People download their statements in for example excel or cvs. They work in excel to get things in a managable format. It is then added in bulk, as there is no way to import a bank statement as expense claims.
The imported rows have the description of the originally downloaded statements

Now you have 1000 rows to manually book, even though they could easily be edited in bulk using rules.

Another way to ease the process would be to allow bulk editing certain fields. That way, we could search / select the expense claims, and set all accounts/taxes at once.

I know what you’re objection to that is, and that is that one row can represent multiple bookings… That could easily be prevented by only allowing bulk edits on rows which haven’t been split up.
Another way would take more UX effort, and that is to allow splitting inline, similar what mint did / does (15 years ago, so I’m not sure what they do now).

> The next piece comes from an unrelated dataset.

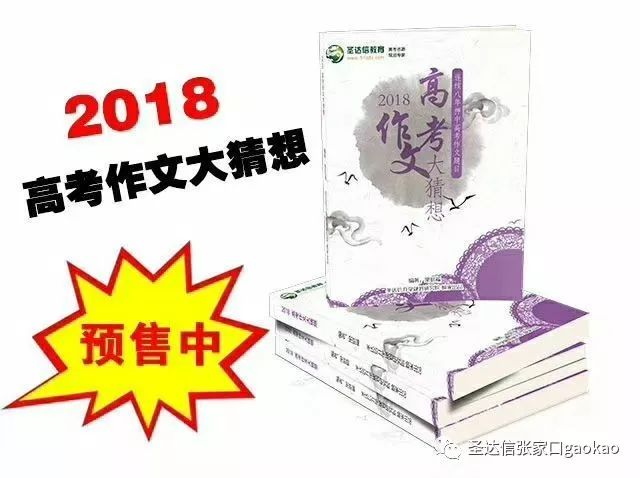 澳门最精准正最精准龙门蚕,澳门最精准正最精准龙门蚕——探索精准之道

I would never let anyone without the proper background and training enter anything into a business’ accounting records. Restrictive permissions can reduce the amount of training needed, but the more direct user access you allow, the higher the risks. The thought of some employee entering 1,000 lines in an expense claim from a spreadsheet they manipulated from a personal bank statement would terrify me.

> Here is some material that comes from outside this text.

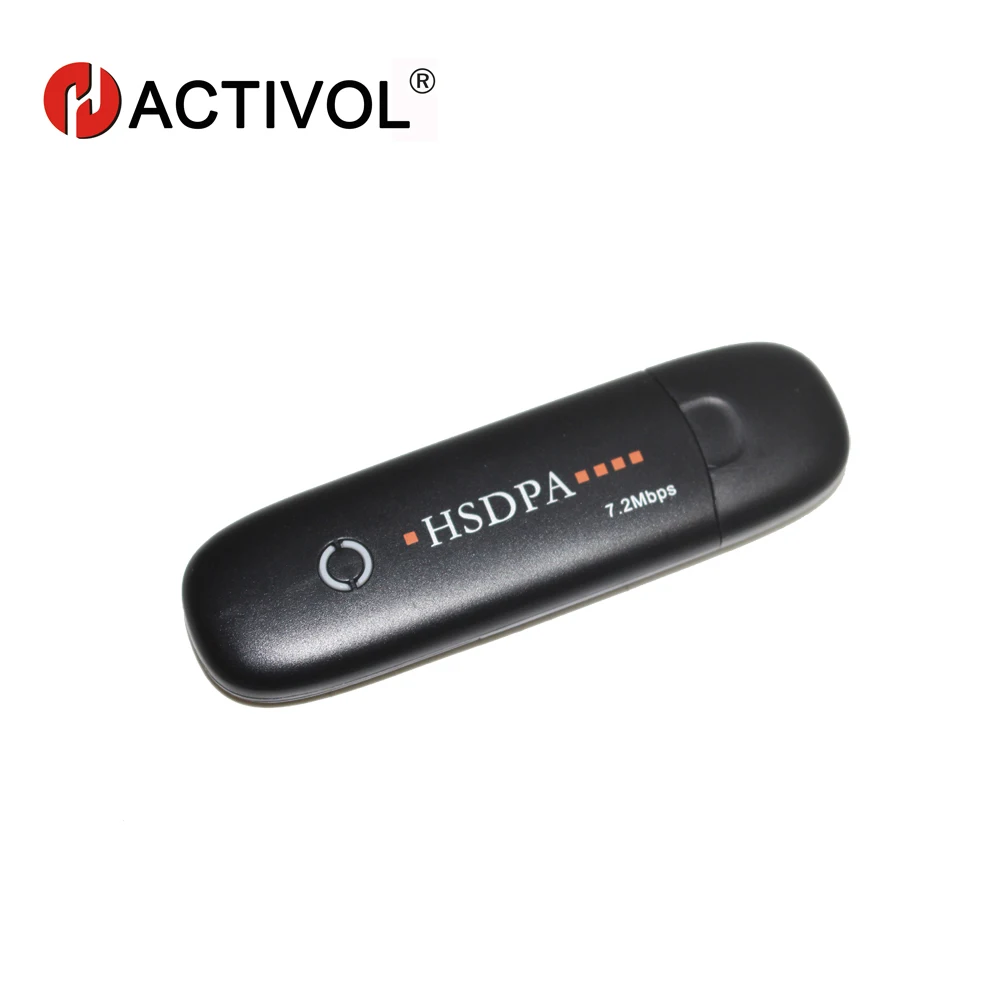 Unlocked Portable 3G USB WiFi Modem 7.2Mbps WIFi Dongle Router With Sim Card Slot Support WCDMA Hotspot Wireless WI-FI NetWork
Unlocked Portable 3G USB WiFi Modem 7.2Mbps WIFi Dongle Router With Sim Card Slot Support WCDMA Hotspot Wireless WI-FI NetWork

That was not my objection at all. You, in fact, missed my point.

My argument was that an auditor would be aghast at business records imported from a personal bank statement. What assurance could there be that an expense claimed as hardware for a customer project wasn’t a personal home repair item? Or that the restaurant meal supposedly for marketing discussions with a prospective client wasn’t really for a birthday celebration for a child? Too many business owners have been convicted of tax violations for claiming personal expenses as business expenses.